▸ Recorded data
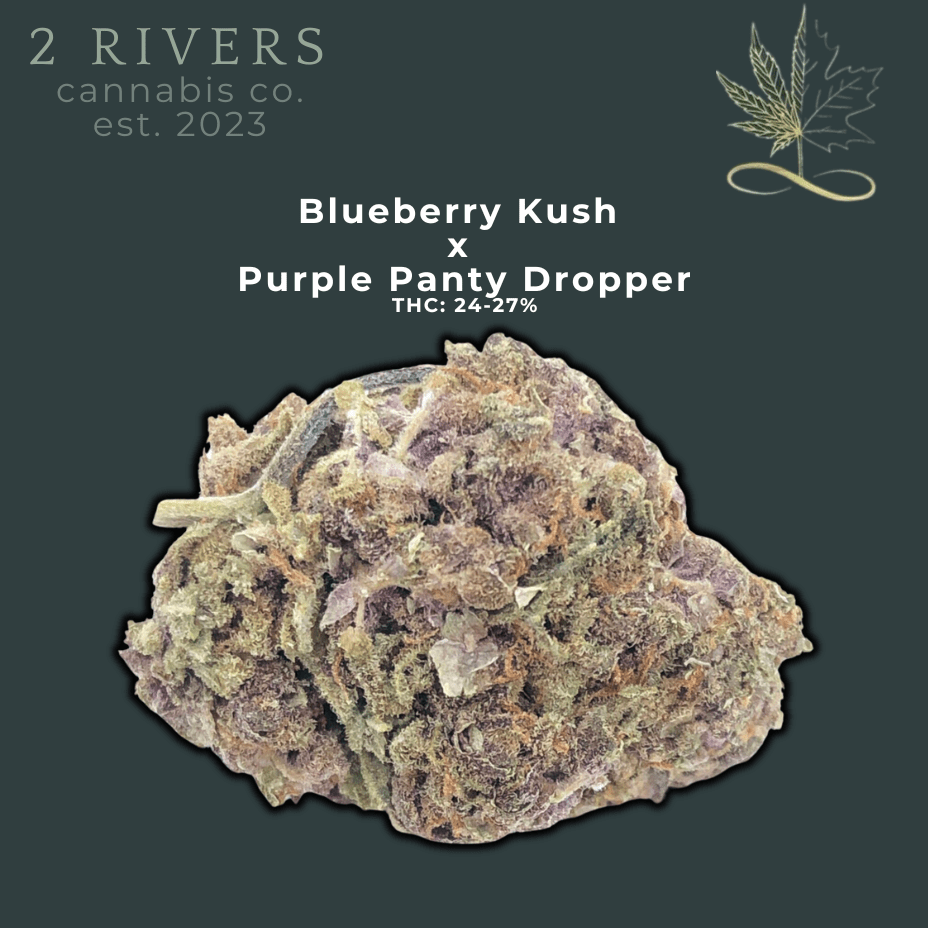 2 Rivers Blueberry Muffins Hybrid Flower-3.5g Morden Vape SuperStore and Cannabis Manitoba Canada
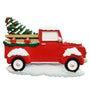 Red Truck with Christmas Tree Ornament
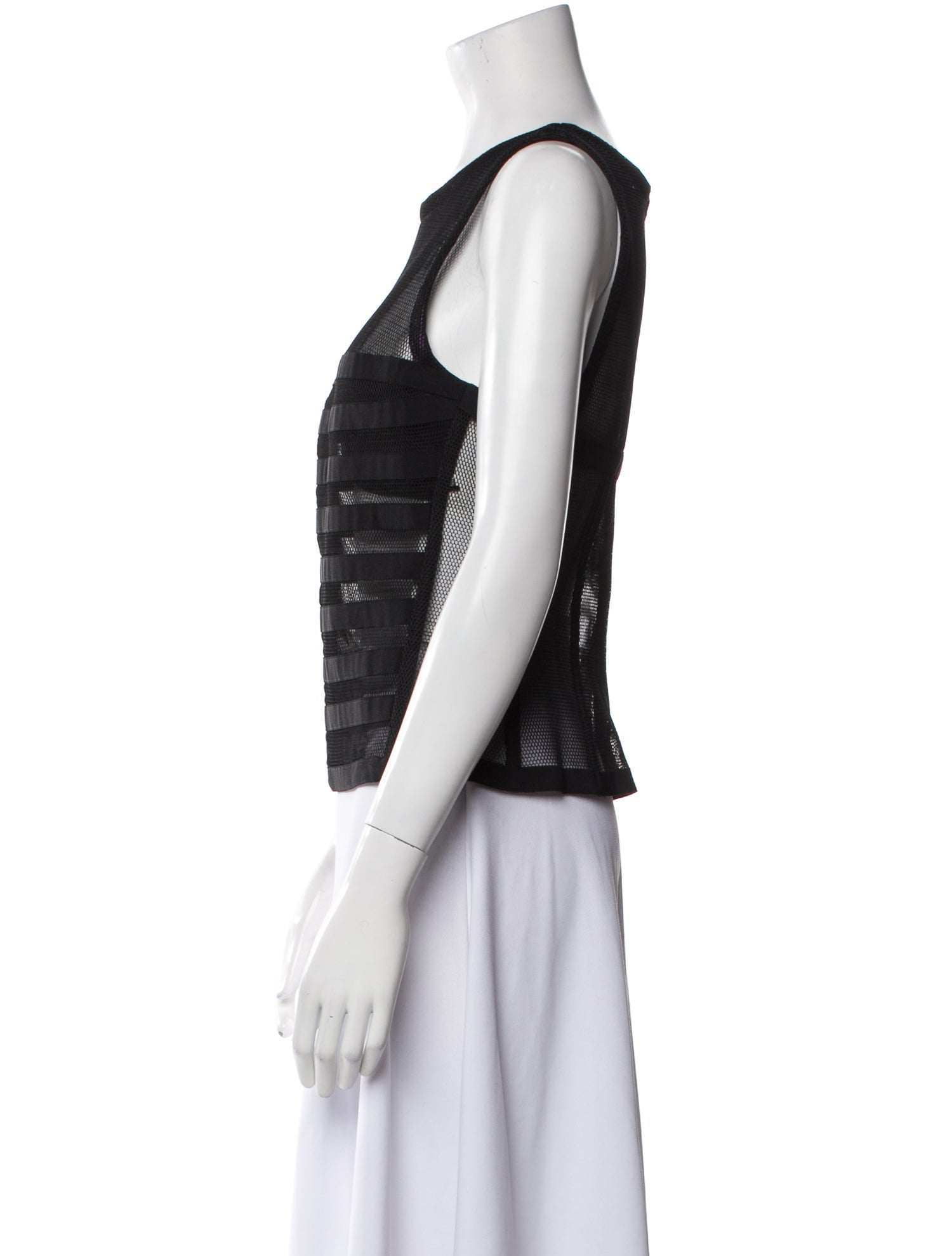 La Perla Striped Scoop Neck Top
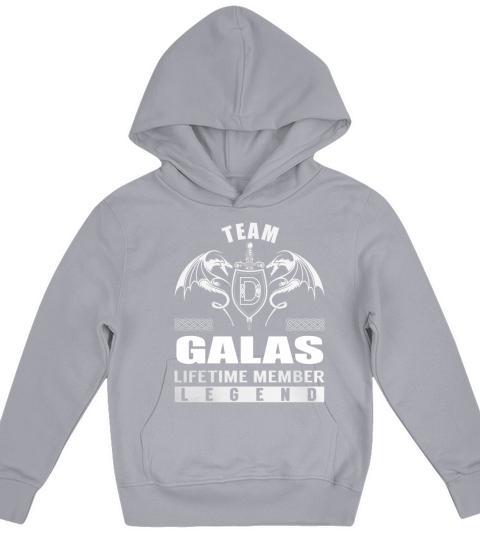 Team GALAS Lifetime Member Legend Name TShirts Kids Hoodie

▸ Task to complete
Output all of the listing above, exactly as given, but without its pictures.

▸ Exercise output
 2 Rivers Blueberry Muffins Hybrid Flower-3.5g Morden Vape SuperStore and Cannabis Manitoba Canada
 Red Truck with Christmas Tree Ornament
 La Perla Striped Scoop Neck Top
 Team GALAS Lifetime Member Legend Name TShirts Kids Hoodie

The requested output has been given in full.